Stored data
==*==
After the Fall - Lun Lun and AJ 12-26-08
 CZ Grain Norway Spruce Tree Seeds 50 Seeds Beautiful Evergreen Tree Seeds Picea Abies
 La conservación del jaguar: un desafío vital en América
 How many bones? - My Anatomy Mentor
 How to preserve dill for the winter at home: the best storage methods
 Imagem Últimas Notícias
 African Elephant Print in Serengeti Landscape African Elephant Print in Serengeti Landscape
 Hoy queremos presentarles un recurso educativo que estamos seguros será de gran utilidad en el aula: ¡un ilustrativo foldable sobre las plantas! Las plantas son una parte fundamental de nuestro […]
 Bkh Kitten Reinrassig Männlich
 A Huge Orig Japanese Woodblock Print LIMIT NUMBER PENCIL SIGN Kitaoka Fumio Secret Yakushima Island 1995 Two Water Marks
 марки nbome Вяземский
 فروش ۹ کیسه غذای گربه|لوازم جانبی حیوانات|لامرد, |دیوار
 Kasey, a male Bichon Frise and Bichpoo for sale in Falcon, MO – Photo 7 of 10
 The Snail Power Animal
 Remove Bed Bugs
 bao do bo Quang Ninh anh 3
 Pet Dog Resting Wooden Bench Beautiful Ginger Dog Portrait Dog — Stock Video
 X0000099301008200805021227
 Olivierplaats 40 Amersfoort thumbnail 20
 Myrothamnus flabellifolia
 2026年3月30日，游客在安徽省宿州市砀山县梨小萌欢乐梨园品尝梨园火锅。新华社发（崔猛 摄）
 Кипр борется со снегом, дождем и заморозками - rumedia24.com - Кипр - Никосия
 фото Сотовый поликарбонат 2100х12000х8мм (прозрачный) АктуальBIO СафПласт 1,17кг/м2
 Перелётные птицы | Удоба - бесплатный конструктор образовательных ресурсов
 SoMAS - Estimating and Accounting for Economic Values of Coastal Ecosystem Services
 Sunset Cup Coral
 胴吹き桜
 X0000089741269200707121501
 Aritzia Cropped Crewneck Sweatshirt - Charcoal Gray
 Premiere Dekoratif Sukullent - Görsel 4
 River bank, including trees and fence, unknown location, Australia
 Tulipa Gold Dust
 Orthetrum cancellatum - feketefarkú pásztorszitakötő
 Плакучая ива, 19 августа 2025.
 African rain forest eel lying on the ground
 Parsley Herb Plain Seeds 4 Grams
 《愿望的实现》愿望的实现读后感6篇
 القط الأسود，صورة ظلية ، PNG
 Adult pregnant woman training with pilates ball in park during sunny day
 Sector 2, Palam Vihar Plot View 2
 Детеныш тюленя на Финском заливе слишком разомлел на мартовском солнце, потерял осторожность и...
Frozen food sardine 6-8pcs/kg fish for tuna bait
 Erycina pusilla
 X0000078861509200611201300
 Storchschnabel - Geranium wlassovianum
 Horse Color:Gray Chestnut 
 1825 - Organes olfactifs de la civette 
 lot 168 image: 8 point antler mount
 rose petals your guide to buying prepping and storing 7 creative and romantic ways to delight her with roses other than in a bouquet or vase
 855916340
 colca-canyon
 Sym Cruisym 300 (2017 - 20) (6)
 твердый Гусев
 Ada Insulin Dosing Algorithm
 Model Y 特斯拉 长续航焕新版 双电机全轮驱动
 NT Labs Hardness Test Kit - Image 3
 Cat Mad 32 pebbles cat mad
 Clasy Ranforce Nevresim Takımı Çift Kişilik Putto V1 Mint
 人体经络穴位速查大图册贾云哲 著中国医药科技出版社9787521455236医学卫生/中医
==*==
EXERCISE AIM
A single number is the whole answer: how many lines of the records contain the word "with".

PROBLEM SOLUTION
2